The UPC decision does recognize that the Panasonic-Xiaomi dispute had a unique element: both parties had given an undertaking to the EWHC. But in the dispute between Ericsson and Lenovo, that was no longer the case. The EWHC denied an interim license, but the England & Wales Court of Appeal (EWCA) went off the deep end and considered the presence of mutual undertakings dispensable (February 28, 2025 ip fray article). A few months ago, the EWHC issued an illogical decision in Samsung v. ZTE (June 25, 2025 ip fray article) that was tantamount to saying that the UK judiciary is the way and the light, and other courts are inferior. Now some UK judges can see that the rest of the world doesn’t necessarily agree with them.
A famous Spanish saying (“Tanto va el cántaro a la fuente que al fin se rompe”) is commonly translated “the pitcher goes to the well until it breaks.” The UK situation had become a travesty, but it’s all over now.

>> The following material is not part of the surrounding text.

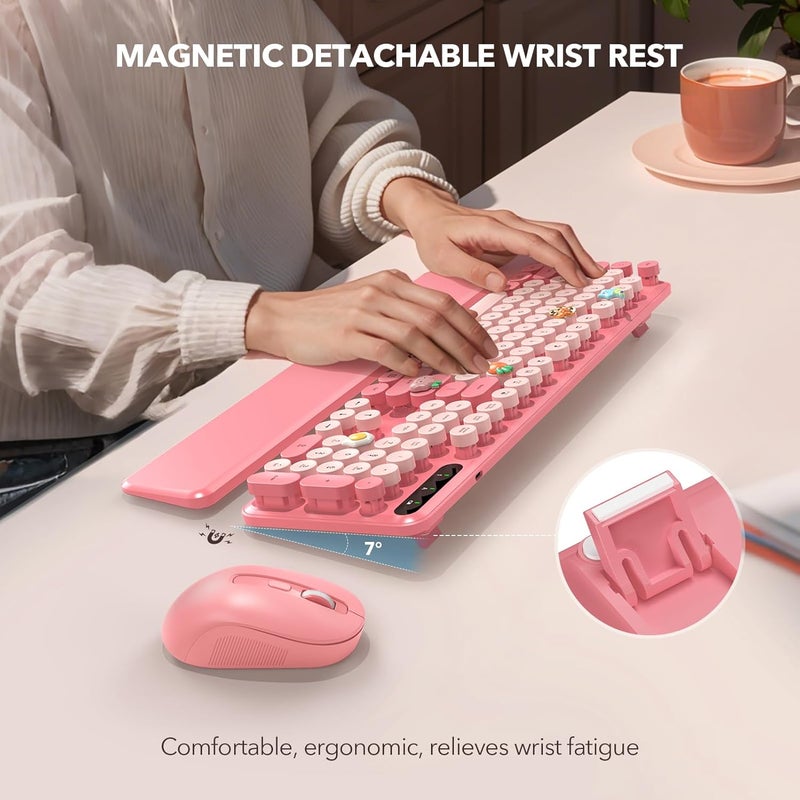 SABLUTE Wireless Keyboard and Mouse Combo, Retro Keyboard with Round Keycaps, Full-Size Typewriter Style Keyboard with Detachable Wrist Rest, 2.4GHz Only Cordless Connection for Windows/PC/Laptop (Baby Pink) - Image 2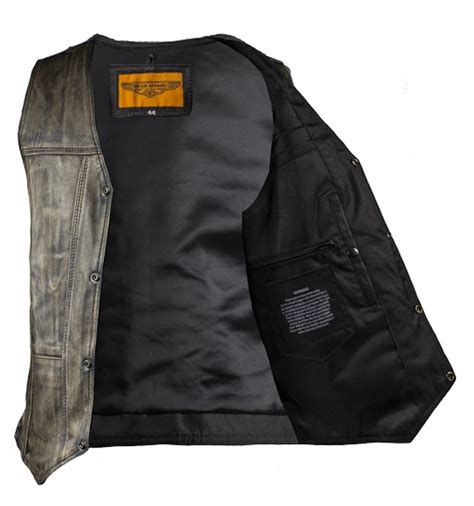 Mens Distressed Brown Naked Cowhide Leather Vest With Pockets MLSV Leather Supreme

No infringement action pending in UPC yet
In order to obtain these AILIs, InterDigital was not even required to bring infringement actions first. The mere fact that the UK proceedings would have the potential to discourage InterDigital from doing so was a sufficient basis for enjoining Amazon.
Security
The UPC has in other situations refrained from a security requirement for the enforcement of AASIs. In this case, the requirement of €400K is rather low and merely meant to cover the costs of proceedings.
Brazil
It turns out that Amazon also brought declaratory judgment (DJ) actions over 18 Brazilian patents held by InterDigital and an ASI within Brazil. The UPC and the Munich I Regional Court do not take action against ASIs or interim licenses that do not affect the patents enforceable in the UPC or Germany. They may, however, take such behavior into consideration when determining an implementer’s (un)willingness to take a FRAND license.
SEPs or not?
Technically, the patents with respect to which Amazon is seeking a FRAND license on UK-determined terms are SEPs only to the extent that Amazon products or services decode video. Encoding claims are not subject to the ITU FRAND pledge. But some UK judges have previously shown a tendency to consider issuing interim-license declarations even to patents that are undisputedly not SEPs.
Courts and counsel
UPC Mannheim LD (case no. UPC_CFI_936/2025): Presiding Judge (and here, judge-rapporteur) Prof. Peter Tochtermann, Judge Dirk Boettcher (“Böttcher” in German) and Judge András Kupecz (a Dutch national primarily assigned to the Munich seat of the Central Division).
Munich I Regional Court (case no. 21 O 12112/25): Presiding Judge Dr. Georg Werner, Judge Dr. Sebastian Benz and Judge Tözsér. In an April 2025 court document, Judge Dr. Benz is listed as Presiding Judge Dr. Werner’s deputy, and Judge Tözsér as the deputy of Presiding Judge Dr. Schoen of the 7th Division.
Arnold Ruess’s Cordula Schumacher, Dr. Arno Risse (“Riße” in German; he masterminded the 2019 AASI against Continental), Dr. Lisa Rieth, Anja Penners und Julija Kravtsova. On the UPC and German InterDigital v. Amazon cases, they are working together with df-mp patent attorney Dr. Dominik Ho.